Shibutani, Suzuki, and Grollman

Tamoxifen is the principal antiestrogen used in adjuvant therapy for breast cancer with more than 500,000 women in the U.S. being treated with this drug. Tamoxifen also reduces the incidence of breast cancer in women at high risk of developing this disease. Unfortunately, tamoxifen therapy is associated with the development of endometrial cancer, a significant risk for otherwise healthy women who take this drug over extended periods of time.

We have developed a highly sensitive and specific method for measuring tamoxifen-DNA adducts in women treated with this drug. The level of adducts detected in endometrial tissue, coupled with their mutagenic properties, suggests that a genotoxic mechanism may be responsible for its carcinogenic effects. The marked inter-individual variation in the level of tamoxifen-DNA adducts reflects activities of enzymes involved in tamoxifen metabolism or differences in adduct repair. These observations promoted a study of the toxicogenomics of tamoxifen to identify women at risk of endometrial cancer and help in designing safer drugs for the chemoprevention of breast cancer.

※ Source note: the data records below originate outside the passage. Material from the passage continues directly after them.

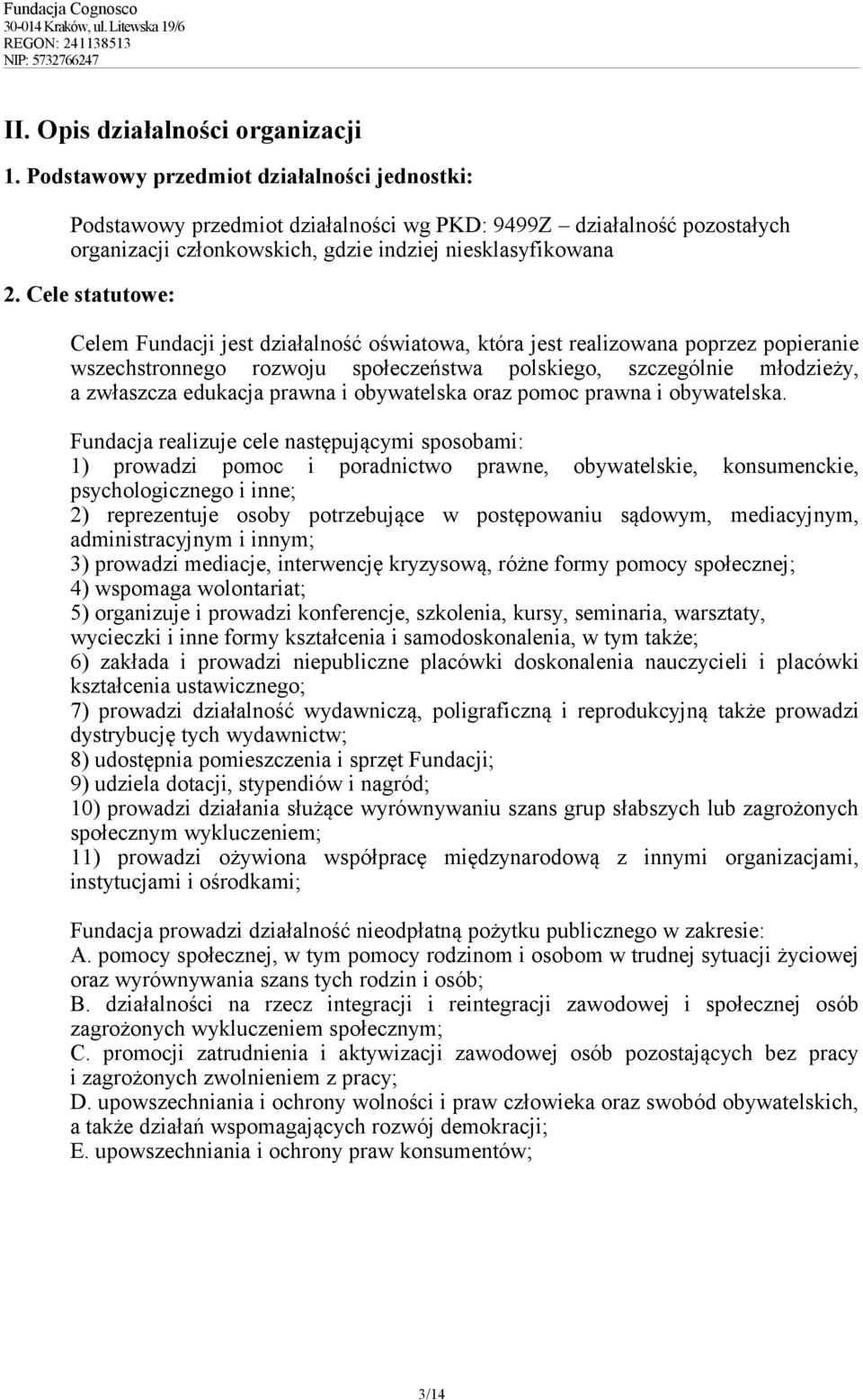 Cele statutowe: Celem Fundacji jest działalność oświatowa, która jest realizowana poprzez popieranie wszechstronnego rozwoju społeczeństwa polskiego, szczególnie młodzieży, a zwłaszcza edukacja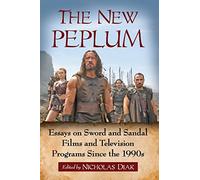 The New Peplum: Essays on Sword and Sandal Films and Television Programs Since the 1990s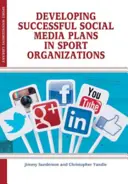 Tvorba úspešných plánov sociálnych médií v športových organizáciách - Developing Successful Social Media Plans in Sport Organizations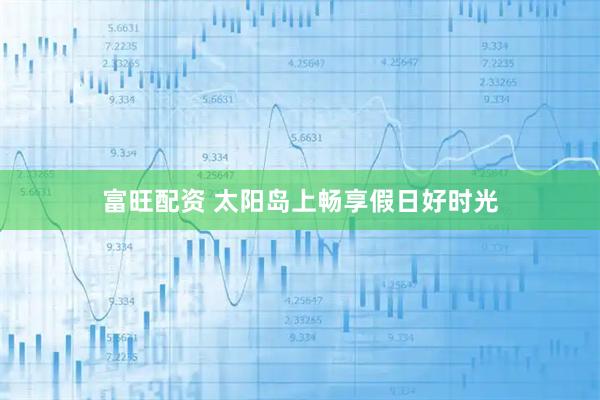 富旺配资 太阳岛上畅享假日好时光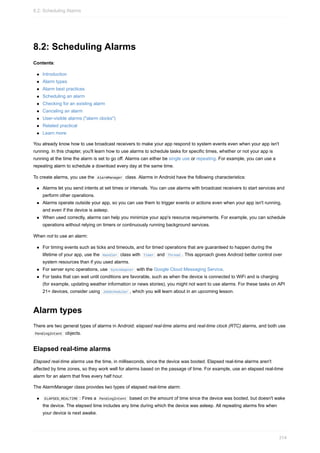 8.2: Scheduling Alarms
Contents:
Introduction
Alarm types
Alarm best practices
Scheduling an alarm
Checking for an existing alarm
Canceling an alarm
User-visible alarms ("alarm clocks")
Related practical
Learn more
You already know how to use broadcast receivers to make your app respond to system events even when your app isn't
running. In this chapter, you'll learn how to use alarms to schedule tasks for specific times, whether or not your app is
running at the time the alarm is set to go off. Alarms can either be single use or repeating. For example, you can use a
repeating alarm to schedule a download every day at the same time.
To create alarms, you use the AlarmManager class. Alarms in Android have the following characteristics:
Alarms let you send intents at set times or intervals. You can use alarms with broadcast receivers to start services and
perform other operations.
Alarms operate outside your app, so you can use them to trigger events or actions even when your app isn't running,
and even if the device is asleep.
When used correctly, alarms can help you minimize your app's resource requirements. For example, you can schedule
operations without relying on timers or continuously running background services.
When not to use an alarm:
For timing events such as ticks and timeouts, and for timed operations that are guaranteed to happen during the
lifetime of your app, use the Handler class with Timer and Thread . This approach gives Android better control over
system resources than if you used alarms.
For server sync operations, use SyncAdapter with the Google Cloud Messaging Service.
For tasks that can wait until conditions are favorable, such as when the device is connected to WiFi and is charging
(for example, updating weather information or news stories), you might not want to use alarms. For these tasks on API
21+ devices, consider using JobScheduler , which you will learn about in an upcoming lesson.
Alarm types
There are two general types of alarms in Android: elapsed real-time alarms and real-time clock (RTC) alarms, and both use
PendingIntent objects.
Elapsed real-time alarms
Elapsed real-time alarms use the time, in milliseconds, since the device was booted. Elapsed real-time alarms aren't
affected by time zones, so they work well for alarms based on the passage of time. For example, use an elapsed real-time
alarm for an alarm that fires every half hour.
The AlarmManager class provides two types of elapsed real-time alarm:
ELAPSED_REALTIME : Fires a PendingIntent based on the amount of time since the device was booted, but doesn't wake
the device. The elapsed time includes any time during which the device was asleep. All repeating alarms fire when
your device is next awake.
8.2: Scheduling Alarms
314
 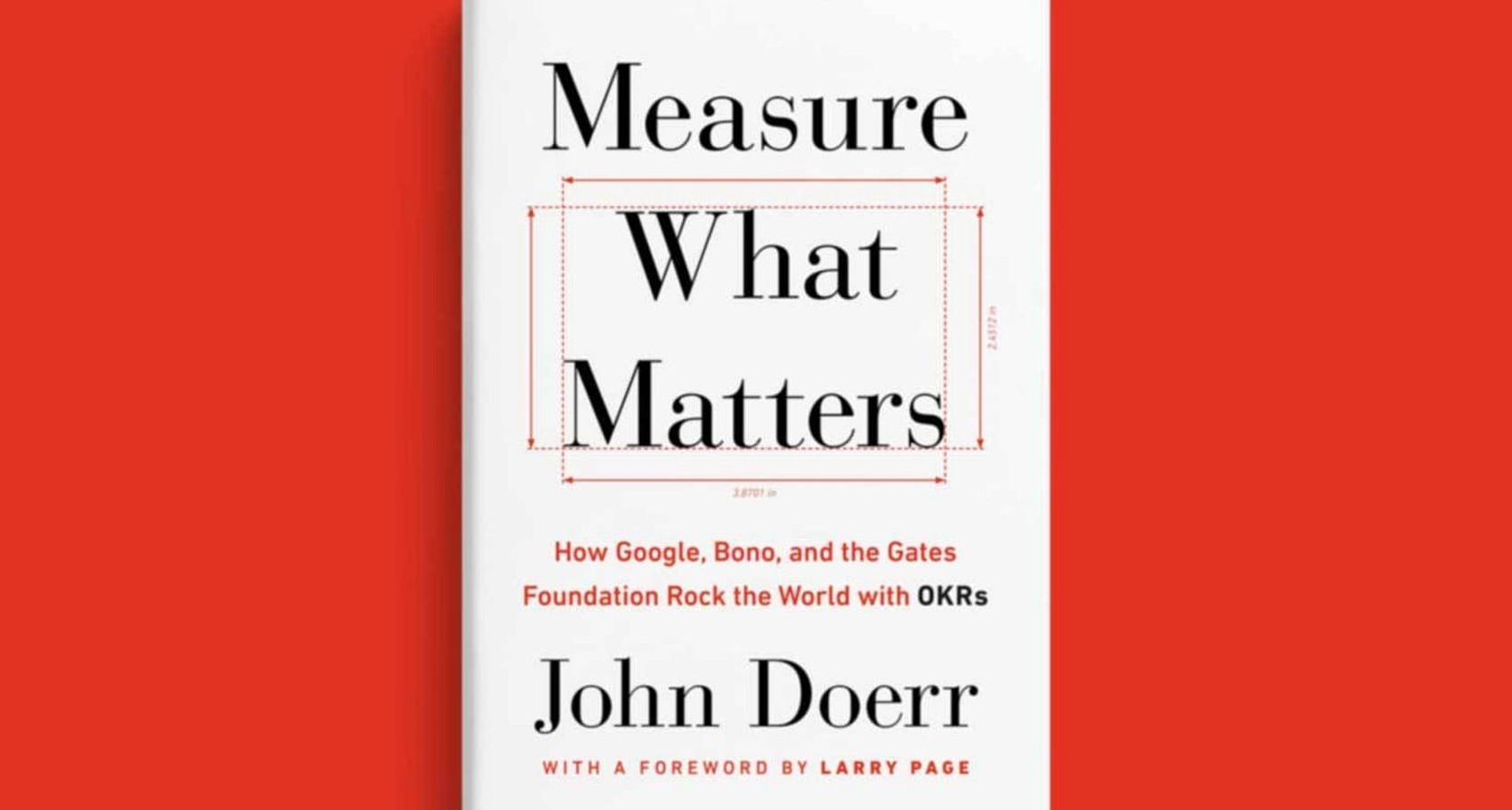 Measure What Matters by John Doerr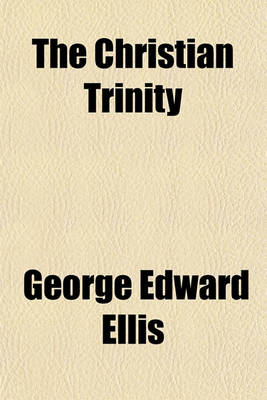 Book cover for The Christian Trinity; The Doctrine of God. the Father Jesus Christ and the Holy Spirit. a Discourse Preached in Harvard Church, Charlestown, February 5, 1860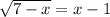 \sqrt{7 - x} = x-1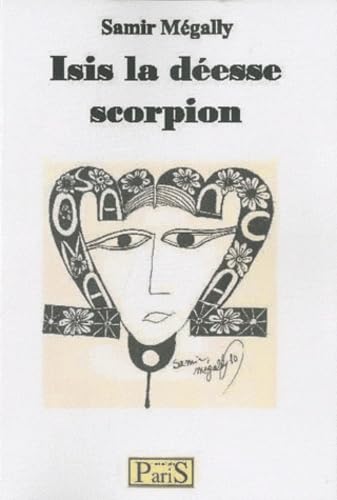 Beispielbild fr Isis la desse scorpion [Broch] Mgally, Samir zum Verkauf von BIBLIO-NET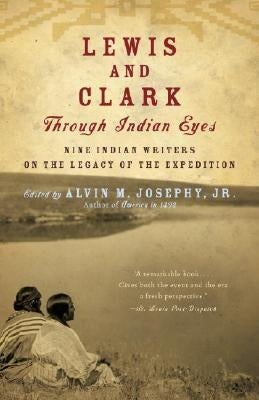 Lewis and Clark Through Indian Eyes: Nine Indian Writers on the Legacy of the Expedition Paperback Vintage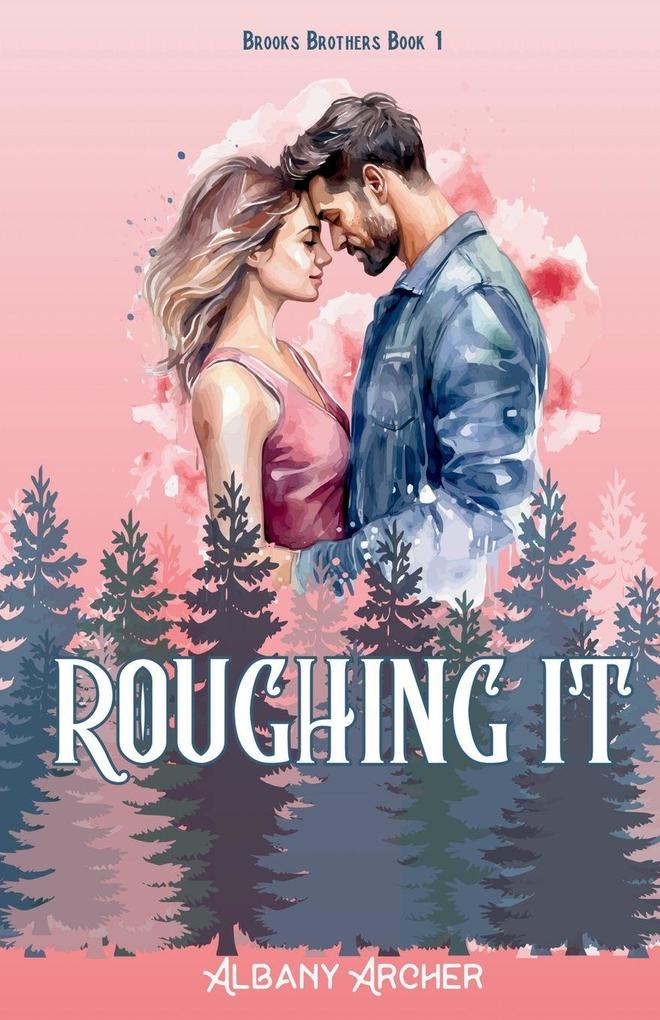 Roughing It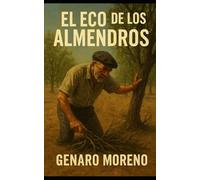 El Eco De Los Almendros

•      Shibutani, S., Suzuki, N. and Grollman, A.P. Tamoxifen-DNA adducts: biomarkers for drug-induced endometrial cancer in Biomarkers of environmentally associated disease: technology, concepts and perspectives, ed by S.H. Wilson and W.A. Suk. CRC Press LLC, New York, 2002 pp 127-137.
•       Shibutani, S. Ravindernath, a., Suzuki, N., Terashima, I., Sugarman, S.M., Grollman, A.P and Pearl, M.L. Identification of tamoxifen-DNA adducts in the endometrium of women treated with tamoxifen. Carcinogenesis 21: 1461-1467, 2000.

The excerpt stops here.